In certain countries, such as the UK, information on the results of government safety tests on consumer products are not available to the public. Similarly information on the possible environmental hazards of toxic materials stored in a factory is not available to those living in the neighbourhood. Information on the results of safety tests on food additives or drugs is similarly classified. In 1993 a study indicated that the UK government had disguised the true level of automobile pollution by siting monitoring stations away from busy streets in direct contravention of the law. Actual results on such streets showed levels of nitrogen dioxide pollution in breach of the upper safety limits set by the EEC/EU.
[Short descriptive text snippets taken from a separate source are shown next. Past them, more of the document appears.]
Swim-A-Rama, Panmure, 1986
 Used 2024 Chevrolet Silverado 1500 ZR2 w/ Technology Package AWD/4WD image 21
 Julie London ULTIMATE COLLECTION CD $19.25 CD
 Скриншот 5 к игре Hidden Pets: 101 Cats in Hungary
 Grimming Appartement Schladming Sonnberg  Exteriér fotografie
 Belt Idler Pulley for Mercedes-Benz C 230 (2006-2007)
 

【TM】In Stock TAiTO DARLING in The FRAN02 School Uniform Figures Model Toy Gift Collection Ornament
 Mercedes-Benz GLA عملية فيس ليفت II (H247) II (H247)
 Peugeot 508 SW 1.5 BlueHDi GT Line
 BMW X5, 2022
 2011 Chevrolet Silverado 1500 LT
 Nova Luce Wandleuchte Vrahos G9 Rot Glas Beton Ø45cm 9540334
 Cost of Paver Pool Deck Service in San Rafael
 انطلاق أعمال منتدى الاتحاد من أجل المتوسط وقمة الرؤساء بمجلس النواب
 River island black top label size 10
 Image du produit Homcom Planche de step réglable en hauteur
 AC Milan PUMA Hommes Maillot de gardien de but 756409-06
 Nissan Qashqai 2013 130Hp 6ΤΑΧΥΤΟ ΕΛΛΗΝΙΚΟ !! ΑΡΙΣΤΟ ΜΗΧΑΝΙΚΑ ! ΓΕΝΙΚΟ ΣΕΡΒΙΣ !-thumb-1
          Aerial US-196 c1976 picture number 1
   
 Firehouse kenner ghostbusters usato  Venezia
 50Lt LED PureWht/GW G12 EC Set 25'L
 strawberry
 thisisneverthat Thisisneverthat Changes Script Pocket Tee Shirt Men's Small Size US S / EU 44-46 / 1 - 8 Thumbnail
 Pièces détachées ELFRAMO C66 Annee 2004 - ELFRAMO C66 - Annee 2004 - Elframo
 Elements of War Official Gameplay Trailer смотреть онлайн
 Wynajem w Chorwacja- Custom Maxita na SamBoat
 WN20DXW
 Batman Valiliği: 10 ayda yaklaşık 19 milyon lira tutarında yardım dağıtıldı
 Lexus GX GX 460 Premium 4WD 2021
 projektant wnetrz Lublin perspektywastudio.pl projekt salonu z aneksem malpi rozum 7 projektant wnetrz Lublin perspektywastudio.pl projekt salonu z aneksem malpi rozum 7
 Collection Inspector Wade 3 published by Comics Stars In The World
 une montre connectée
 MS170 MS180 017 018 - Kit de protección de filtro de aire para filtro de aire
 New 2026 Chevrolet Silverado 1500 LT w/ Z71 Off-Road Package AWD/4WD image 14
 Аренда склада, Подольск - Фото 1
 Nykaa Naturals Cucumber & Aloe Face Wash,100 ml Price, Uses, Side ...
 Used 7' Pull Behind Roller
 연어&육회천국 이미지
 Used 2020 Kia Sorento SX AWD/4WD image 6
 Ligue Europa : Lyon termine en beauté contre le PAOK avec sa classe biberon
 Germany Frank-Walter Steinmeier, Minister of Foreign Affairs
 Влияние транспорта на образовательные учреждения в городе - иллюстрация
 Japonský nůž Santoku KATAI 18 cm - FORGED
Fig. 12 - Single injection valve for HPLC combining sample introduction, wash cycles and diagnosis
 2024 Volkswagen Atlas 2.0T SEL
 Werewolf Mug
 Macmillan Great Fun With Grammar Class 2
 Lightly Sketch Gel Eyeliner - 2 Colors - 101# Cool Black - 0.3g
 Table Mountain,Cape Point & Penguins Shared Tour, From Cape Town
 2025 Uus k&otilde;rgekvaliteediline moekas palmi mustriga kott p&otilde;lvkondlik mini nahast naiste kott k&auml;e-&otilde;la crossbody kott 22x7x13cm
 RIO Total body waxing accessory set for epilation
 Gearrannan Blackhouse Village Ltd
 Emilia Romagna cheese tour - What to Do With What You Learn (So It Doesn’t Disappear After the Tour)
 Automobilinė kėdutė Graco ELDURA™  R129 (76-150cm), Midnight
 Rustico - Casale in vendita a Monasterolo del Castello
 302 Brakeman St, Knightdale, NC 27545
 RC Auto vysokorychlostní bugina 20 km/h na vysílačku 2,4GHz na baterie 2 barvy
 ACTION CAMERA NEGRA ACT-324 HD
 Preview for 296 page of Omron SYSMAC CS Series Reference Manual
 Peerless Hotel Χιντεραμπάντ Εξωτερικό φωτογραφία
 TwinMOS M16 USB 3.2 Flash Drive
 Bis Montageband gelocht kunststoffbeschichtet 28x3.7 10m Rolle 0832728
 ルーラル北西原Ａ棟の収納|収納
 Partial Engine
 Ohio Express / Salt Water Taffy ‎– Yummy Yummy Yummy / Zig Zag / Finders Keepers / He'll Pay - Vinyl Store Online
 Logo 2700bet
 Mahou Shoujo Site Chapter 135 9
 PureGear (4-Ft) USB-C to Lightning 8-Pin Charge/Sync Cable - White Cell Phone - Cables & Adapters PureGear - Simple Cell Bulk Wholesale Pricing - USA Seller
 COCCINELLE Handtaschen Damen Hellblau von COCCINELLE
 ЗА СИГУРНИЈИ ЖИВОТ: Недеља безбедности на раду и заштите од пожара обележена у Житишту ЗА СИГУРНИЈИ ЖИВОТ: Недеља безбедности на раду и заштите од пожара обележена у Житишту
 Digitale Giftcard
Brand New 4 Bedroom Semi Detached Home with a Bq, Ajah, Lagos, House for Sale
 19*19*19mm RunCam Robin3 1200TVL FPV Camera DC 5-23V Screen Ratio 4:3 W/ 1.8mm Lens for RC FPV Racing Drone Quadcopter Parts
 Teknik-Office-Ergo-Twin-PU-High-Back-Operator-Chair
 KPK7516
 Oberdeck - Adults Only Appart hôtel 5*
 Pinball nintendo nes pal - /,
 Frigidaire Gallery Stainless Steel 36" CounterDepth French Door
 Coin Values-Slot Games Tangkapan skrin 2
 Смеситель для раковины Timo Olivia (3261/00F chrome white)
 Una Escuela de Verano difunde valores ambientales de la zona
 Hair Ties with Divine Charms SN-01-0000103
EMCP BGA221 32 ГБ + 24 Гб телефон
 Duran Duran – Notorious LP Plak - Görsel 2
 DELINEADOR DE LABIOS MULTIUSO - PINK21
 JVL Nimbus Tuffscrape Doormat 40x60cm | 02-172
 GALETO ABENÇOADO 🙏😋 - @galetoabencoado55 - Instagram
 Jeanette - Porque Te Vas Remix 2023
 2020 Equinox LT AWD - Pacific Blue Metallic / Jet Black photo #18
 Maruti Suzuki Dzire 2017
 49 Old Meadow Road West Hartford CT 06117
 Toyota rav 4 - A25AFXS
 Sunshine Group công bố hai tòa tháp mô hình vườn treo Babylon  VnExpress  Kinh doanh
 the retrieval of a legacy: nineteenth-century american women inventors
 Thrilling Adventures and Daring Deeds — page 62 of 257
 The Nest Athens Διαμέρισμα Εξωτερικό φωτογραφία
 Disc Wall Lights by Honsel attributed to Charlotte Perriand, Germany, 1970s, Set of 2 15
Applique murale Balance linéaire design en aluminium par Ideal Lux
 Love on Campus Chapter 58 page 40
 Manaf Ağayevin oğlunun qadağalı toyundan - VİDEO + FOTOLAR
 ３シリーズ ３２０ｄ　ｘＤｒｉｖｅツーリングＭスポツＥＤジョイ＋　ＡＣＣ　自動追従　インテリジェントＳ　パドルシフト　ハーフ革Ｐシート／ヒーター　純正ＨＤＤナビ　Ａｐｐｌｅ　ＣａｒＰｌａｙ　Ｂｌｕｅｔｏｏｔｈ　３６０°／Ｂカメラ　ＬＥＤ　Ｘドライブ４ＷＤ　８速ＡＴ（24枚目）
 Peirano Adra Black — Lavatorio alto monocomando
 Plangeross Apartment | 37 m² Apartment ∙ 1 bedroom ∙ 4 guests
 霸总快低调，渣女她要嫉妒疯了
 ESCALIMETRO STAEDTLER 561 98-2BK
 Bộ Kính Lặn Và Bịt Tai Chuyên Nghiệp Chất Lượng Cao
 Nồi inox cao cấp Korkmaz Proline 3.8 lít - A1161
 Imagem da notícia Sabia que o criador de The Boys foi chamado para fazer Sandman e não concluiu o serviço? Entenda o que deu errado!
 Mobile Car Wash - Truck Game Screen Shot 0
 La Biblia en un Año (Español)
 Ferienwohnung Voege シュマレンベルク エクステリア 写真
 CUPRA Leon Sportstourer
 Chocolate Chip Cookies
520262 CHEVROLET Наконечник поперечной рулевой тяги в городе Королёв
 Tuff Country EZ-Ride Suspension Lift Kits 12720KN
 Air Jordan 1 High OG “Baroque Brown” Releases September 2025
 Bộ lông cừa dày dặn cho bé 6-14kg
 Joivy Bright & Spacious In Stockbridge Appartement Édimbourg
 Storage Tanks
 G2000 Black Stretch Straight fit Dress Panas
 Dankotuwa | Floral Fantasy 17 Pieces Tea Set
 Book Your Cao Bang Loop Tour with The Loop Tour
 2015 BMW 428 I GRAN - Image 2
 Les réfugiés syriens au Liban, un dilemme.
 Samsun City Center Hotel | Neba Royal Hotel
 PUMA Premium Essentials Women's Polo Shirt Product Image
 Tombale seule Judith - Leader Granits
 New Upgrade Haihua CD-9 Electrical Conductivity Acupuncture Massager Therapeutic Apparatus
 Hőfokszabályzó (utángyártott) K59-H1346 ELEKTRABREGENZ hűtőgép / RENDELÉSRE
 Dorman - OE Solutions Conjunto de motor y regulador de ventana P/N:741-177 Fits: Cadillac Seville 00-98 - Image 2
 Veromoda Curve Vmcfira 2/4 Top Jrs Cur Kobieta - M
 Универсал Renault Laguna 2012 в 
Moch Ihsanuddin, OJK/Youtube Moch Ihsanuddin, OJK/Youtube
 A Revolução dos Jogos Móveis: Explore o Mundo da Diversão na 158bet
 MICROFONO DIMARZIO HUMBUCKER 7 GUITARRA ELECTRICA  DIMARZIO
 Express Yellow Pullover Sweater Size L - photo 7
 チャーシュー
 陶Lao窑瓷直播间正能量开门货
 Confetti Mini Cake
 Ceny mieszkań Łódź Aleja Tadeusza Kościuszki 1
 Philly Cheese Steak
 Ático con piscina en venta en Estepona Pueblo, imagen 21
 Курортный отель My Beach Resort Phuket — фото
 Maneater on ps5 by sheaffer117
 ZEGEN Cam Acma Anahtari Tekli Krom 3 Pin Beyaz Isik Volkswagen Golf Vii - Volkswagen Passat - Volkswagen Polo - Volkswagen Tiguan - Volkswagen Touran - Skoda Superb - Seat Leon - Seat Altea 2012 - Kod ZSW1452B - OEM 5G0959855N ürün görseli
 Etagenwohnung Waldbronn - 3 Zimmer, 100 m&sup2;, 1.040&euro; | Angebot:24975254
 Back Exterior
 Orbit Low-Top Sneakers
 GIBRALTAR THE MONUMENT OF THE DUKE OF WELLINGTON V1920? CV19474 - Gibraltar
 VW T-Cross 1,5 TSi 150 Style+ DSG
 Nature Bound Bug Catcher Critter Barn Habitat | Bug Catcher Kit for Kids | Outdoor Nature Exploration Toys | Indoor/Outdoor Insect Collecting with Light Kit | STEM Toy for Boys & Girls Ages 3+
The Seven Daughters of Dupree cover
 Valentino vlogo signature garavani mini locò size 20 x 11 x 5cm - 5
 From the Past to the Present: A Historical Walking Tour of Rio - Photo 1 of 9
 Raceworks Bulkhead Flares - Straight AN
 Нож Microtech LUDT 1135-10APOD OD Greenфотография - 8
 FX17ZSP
Governments sometimes prefer not to inform public about air or water pollution levels and potential ecological disasters. In the UK in 1992, a register of contaminated land sites was delayed indefinitely amid fears by property developers that it might erode the value of sites and bring public demands for an expensive clean-up. In 1993 the German government was obliged to admit that officials had suppressed information on hundreds of cases of HIV-contaminated blood during the 1980s. The laboratory responsible had also exported blood to other European countries. Files kept secret for many years until 1994 revealed that the former Soviet Union systematically slaughtered a large part of the world's protected whale population.
DuPont in the United States was the inventor and largest manufacturer of CFCs. When it was discovered that CFCs were destroying the ozone layer, and for many years afterward, DuPont worked to delay and undermine efforts to phase out their use. DuPont's history shows well how within chemical companies emerging knowledge of potential risks is seen first and foremost as an impediment to profits, or even a harbinger of bankruptcy. The industry's approach is not geared to respect for human rights, but rather to what the company can get away with within the confines of government interventions.